Children and Cycling: headline findings from the first paper

Cross-posted from the Guardian Bike Blog where it appears in edited form here.

Recently the House of Commons added in a requirement for a national ‘cycling and walking investment strategy’ to the Infrastructure Bill. This will mean the Department for Transport setting targets and allocating investment for cycling.

Some good news – although the amount of funding is yet to be determined. But experience in London has shown that even with reasonable funding and political support, getting the infrastructure right remains a challenge.

This, the cover of our national cycle design guide, always gets a laugh when presented in most other Northern European countries.

This, the cover of our national cycle design guide, gets a laugh when presented in most other Northern European countries.

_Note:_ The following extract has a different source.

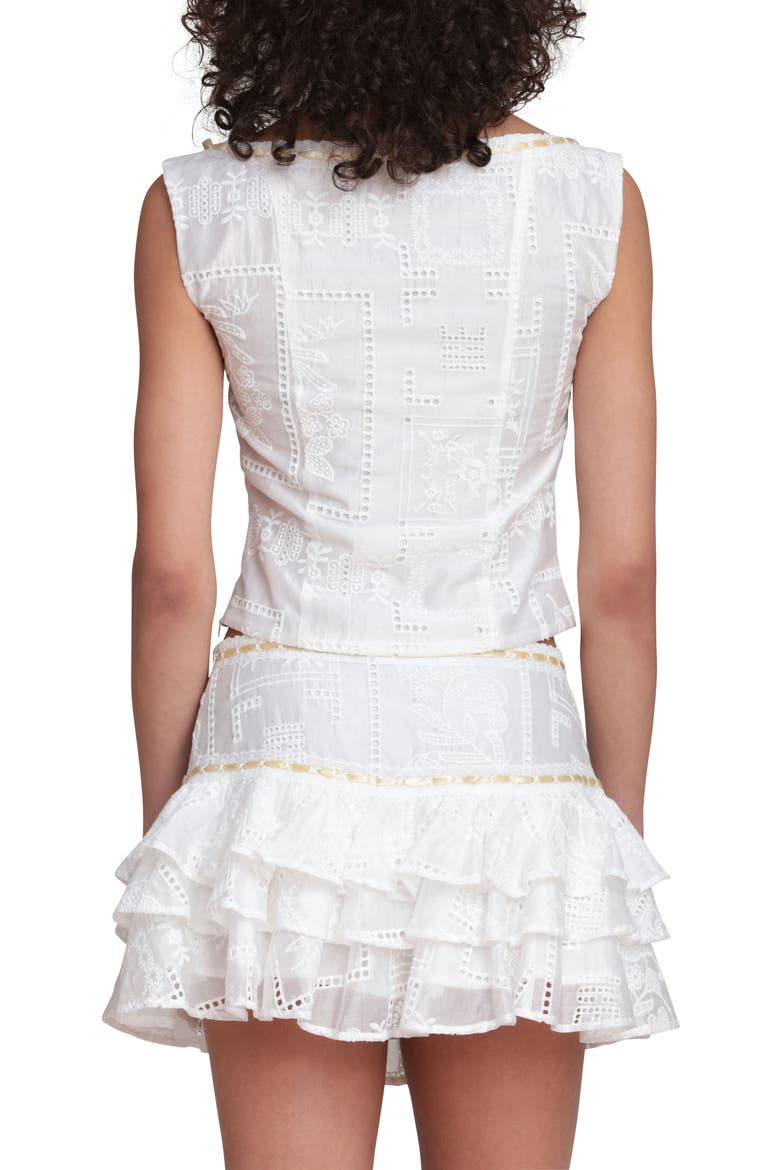Embroidered Bustier Top, Alternate, color, WHITE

We are hobbled by history. Our national cycling design guidelines reflect a failed approach, of designing for cycling as if it were driving or walking. Successful countries design for cycling as cycling, with mode-specific needs related to speed, safety and comfort. And they design for cycling for everyone, from children to grandparents. By contrast, the cover picture on Cycle Infrastructure Design says it all about our target market – sporty, youngish men, who enjoy mixing it with lorries and buses. A pretty small minority.

Even the updated London Cycling Design Standards (LCDS), good in many respects, says relatively little about designing for child cycling. This isn’t just a children’s issue, it’s an equalities issue, as LCDS acknowledges. Women are more likely than men to be travelling with children. So failure to design for children might be one reason why, even where cycling’s increased, we’re seeing little change in gender balance.

There’s also a gap in the research. There’s lots of surveys asking people about cycle infrastructure preferences. But no one has asked about riding with or by children. We assume standards need to be higher than for riding by solo adults, but haven’t explored how high they need to be. Are residential streets generally ok for child cycling? What levels of segregation are needed on busier roads?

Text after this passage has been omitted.